■ MATERIAL PROVIDED ■

---

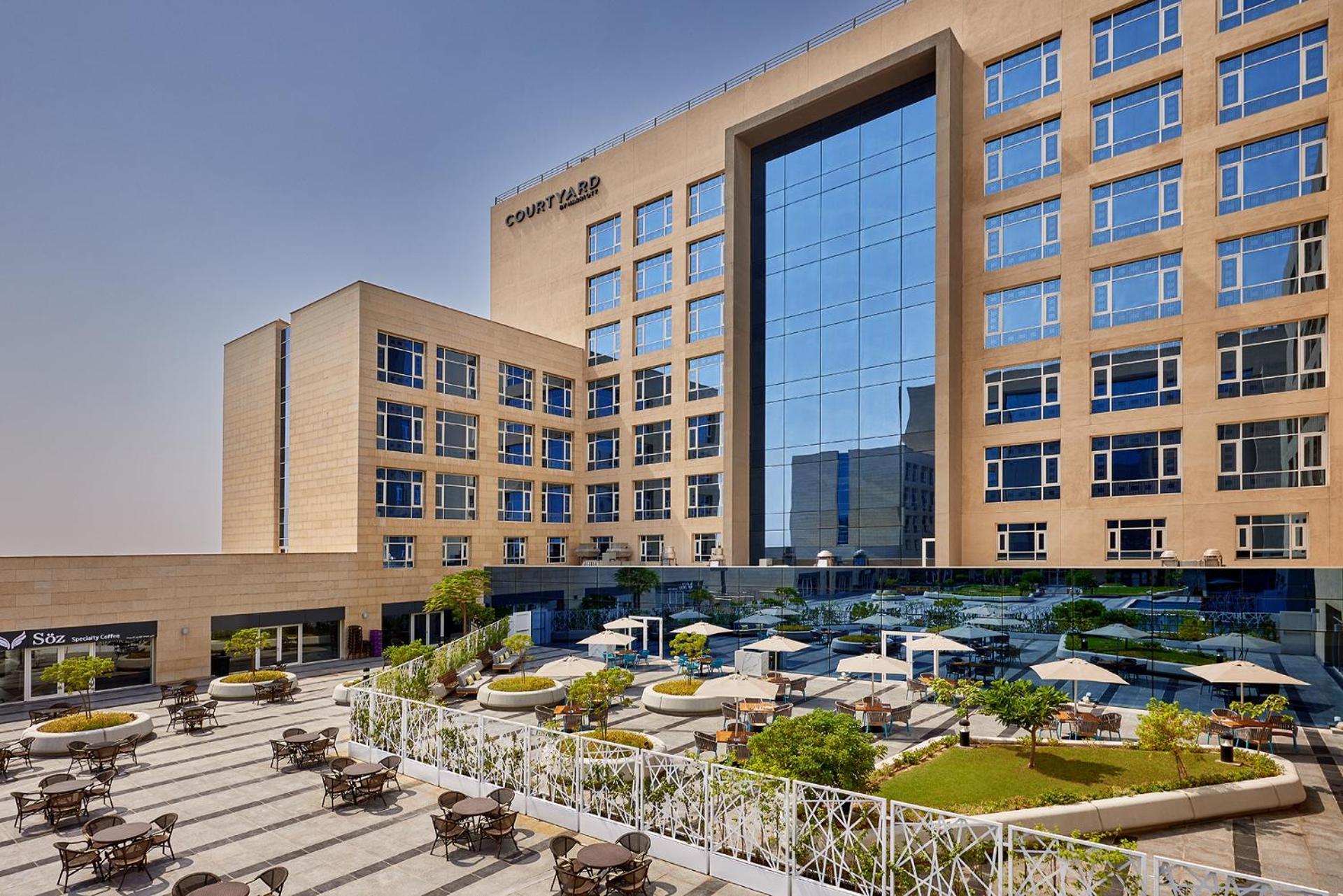 Courtyard By Marriott Jubail Hotel ภายนอก รูปภาพ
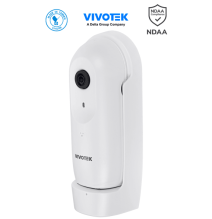 VIVOTEK CC9160-H - Cámara IP Panorámica para interior  2 MP  WDR Pro  Visión 180  Ci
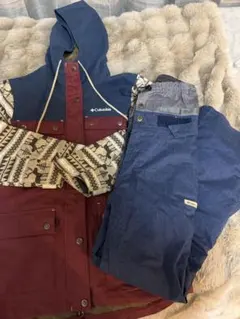 Columbia スノーボードウェアセット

---

■ TASK TO CARRY OUT ■
Begin at the line containing "VIVOTEK CC9160-H - Cámara" and write out every line to the end of the data exactly. Skip the pictures.

■ OUTPUT ■
 VIVOTEK CC9160-H - Cámara IP Panorámica para interior  2 MP  WDR Pro  Visión 180  Ci
 Columbia スノーボードウェアセット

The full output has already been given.